The “Regulatory Authority” is a body whose establishment was originally required within the Arrangements Law and was presented to the public as a mechanism aimed at streamlining, eliminating, and reducing unnecessary bureaucracy. In practice, had the latest Arrangements Law been approved in its original form, it would have transferred all decisions regarding the state budget to an unelected body that is unaccountable to the public.
The reason for it is that, in its original form, the Regulatory Authority would have had the power to nix any public allocation in excess of 100 million shekels. Consequently, government ministers wishing to carry out any reform in their office would have been first obliged to submit it for approval to a centralized body with veto powers, thereby depleting their job of any substance.
Following the Attorney General’s decision to approve the inclusion of the Regulatory Authority within the Arrangements Law (with the attendant stipulation that the enactment of any new regulatory legislation is banned until 2024), Zulat approached the Attorney General on 29 August 2021. Subsequently, in the wake of coalition agreements, it was decided to remove Articles 21, 28 and 30 from the Arrangements Law, and the law was passed without them.
The excluded articles deal with the power of the Regulatory Authority to make decisions that oblige the government and its ministers.

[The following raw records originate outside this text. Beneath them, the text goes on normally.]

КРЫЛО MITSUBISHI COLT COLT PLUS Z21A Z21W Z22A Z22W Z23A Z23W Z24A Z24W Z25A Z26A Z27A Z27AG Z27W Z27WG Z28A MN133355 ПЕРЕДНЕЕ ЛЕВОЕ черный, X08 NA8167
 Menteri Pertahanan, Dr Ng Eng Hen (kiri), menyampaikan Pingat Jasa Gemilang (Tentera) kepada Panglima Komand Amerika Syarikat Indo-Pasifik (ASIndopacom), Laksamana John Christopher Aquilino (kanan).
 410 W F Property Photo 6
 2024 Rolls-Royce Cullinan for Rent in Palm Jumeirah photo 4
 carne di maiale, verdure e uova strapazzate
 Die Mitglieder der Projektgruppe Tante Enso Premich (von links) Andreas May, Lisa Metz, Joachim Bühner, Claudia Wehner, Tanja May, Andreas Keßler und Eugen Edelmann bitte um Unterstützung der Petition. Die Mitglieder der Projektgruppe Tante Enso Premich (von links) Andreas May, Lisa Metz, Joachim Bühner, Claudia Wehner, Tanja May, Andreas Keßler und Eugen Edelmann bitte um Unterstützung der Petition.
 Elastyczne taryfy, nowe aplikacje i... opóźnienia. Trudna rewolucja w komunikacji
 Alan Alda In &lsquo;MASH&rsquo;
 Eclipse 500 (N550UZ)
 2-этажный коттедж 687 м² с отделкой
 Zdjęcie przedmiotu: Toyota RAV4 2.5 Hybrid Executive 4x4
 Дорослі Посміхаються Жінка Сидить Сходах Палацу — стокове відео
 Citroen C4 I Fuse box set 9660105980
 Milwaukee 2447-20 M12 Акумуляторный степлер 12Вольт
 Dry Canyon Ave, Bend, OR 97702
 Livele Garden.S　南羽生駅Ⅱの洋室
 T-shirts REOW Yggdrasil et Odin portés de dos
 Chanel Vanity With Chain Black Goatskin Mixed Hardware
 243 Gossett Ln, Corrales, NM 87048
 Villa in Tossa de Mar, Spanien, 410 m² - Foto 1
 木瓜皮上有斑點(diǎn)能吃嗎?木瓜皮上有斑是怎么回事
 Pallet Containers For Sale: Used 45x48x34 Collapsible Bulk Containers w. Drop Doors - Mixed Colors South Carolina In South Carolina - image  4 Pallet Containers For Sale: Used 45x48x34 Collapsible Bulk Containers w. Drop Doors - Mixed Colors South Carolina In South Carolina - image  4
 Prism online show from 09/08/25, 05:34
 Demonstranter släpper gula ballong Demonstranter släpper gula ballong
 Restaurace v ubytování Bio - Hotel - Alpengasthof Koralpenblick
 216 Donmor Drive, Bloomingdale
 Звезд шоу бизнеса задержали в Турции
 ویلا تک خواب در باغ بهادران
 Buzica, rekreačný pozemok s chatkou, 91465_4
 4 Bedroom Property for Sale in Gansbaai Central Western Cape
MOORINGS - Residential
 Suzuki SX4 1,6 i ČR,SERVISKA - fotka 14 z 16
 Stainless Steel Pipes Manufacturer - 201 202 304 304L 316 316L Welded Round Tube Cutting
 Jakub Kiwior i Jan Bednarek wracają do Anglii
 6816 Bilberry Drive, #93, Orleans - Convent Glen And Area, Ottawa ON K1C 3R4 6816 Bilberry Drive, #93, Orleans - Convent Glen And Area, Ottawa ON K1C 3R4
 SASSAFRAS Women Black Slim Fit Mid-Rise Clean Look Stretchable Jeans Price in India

Their removal from the Arrangements Law is an important achievement as it eliminates the obligation to comply with it, thereby weakening the Regulatory Authority’s powers and bolstering the status of government ministers, who are no longer obliged to comply with a supreme regulatory entity.
However, the obligation to consult the Regulatory Authority remains in effect, therein creating the potential for a major cooling effect on the authority of the elected government. In addition, it should be remembered that even after the removal of some problematic articles, the very establishment of a Regulatory Authority in Israel is something that must be fought, given that some articles contained in the approved law may substantially infringe on human rights, such as the rights to health, privacy, property, employment, housing, education, and equality.
In addition, the law’s goals, principles, characterizations, makeup, etc. contain no reference to the Regulatory Authority’s responsibility to protect and defend the public interest, nor does it contain any requirement to strike a balance between general efficiency and the protection of human rights.
Therefore, the fight against the Regulatory Authority and for human rights will continue and will henceforth deal with the specific articles excluded from the law and slated to be discussed by the Knesset’s Constitution, Law, and Justice Committee.